Now, if you've been paying attention, by now you probably believe Shepard Fairey is a Herculean torchbearer of the "underground ethic", but don't be fooled. As always, there's more to the story than you might have imagined. Shepard is one of the co-founders of a visual communications firm called Blk/Mrkt (Black Market). Blk/Mrkt is progressive, youthful, and edgy, and because of this they have the crusty baby-boomer CEOs frothing at the mouth. Blk/Mrkt has been contracted for projects from such colossal clients as PepsiCo, Virgin Records, Sony Music, DreamWorks, and Universal Pictures. Shepard helped mastermind the pre-release ad campaign for the 1999 Universal Studios blockbuster Man on the Moon, which featured full page spreads of Jim Carey as Andy Kauffman and Kauffman's alter-ego Tony Clifton. Blk/Mrkt has even lended the Andre icon to Listen.com for one of its ads. Of course this has raised the ever-present chorus of bitter counterculturalists shouting "Sellout!" But everyone has to make a living, and it would be foolish to pass up an opportunity to be rich and successful.

Shepard explains: "I'm tired of being poor." Fair enough. Whether he's a hypocrite or a sellout or whatever is a matter of personal judgment, but I think you should ask yourself two questions: "Is it wrong for someone to seemingly betray their philosophy, even if their message was part of a joke to begin with?" and "Does this represent mainstream culture exerting influence on the underground? Or is it the underground that's starting to change the mainstream? Who is bowing down to whom?"

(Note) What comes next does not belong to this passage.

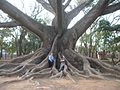 Image 19Buttress roots of the kapok tree (Ceiba pentandra) (from Tree)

OTG pokes fun at just about everything, including itself. It exposes a problem but does nothing to solve it. Indeed, its creator has used his attention-grabbing talents to carve a niche in the world of corporate propaganda that he so adamantly opposes. So where does this leave us? Probably, like me, you're just as dumbfounded now as you were the first time you saw an OTG sticker.

All irrelevant controversies aside, OTG is a compelling and forward-thinking movement. Culture is dead, we're going nowhere in particular, and no one is doing anything about it. OTG is about making people wonder. The face of Andre the Giant makes no direct statement or in-your-face social criticisms, it's there to open your eyes to a process we're entangled in everyday… by taking that process to its extreme. How else are people going to know they're being "victimized" (by choice, mind you) by repetitious stimuli that de-sensitizes the nervous system and ultimately leads to dullness? Some might think that these stimuli are there to make them happy, but they're really designed to make docile sheep of us all.

If pop culture seems to you like a virile blob oozing into every nook and cranny on the planet, then that probably means you are alive and aware. History needs you. Without progressive campaigns and attention-grabbing gimmicks like OTG, we may just end up ravenously gorging ourselves on all our available resources, waking up to nothing but the pool of vomit we passed out in. 'They' call it "conspicuous consumption" because that's exactly what it is: an open field orgy of gluttonous lust and greed.

So get out there . . . spread the anti-message. Bombard your town with Giant stickers, fire missiles of mockery and discontent at the digital environment of suburbia, fight back against all those assholes in the throbbing hive-world of the big city. Why not? All the cool kids are doing it.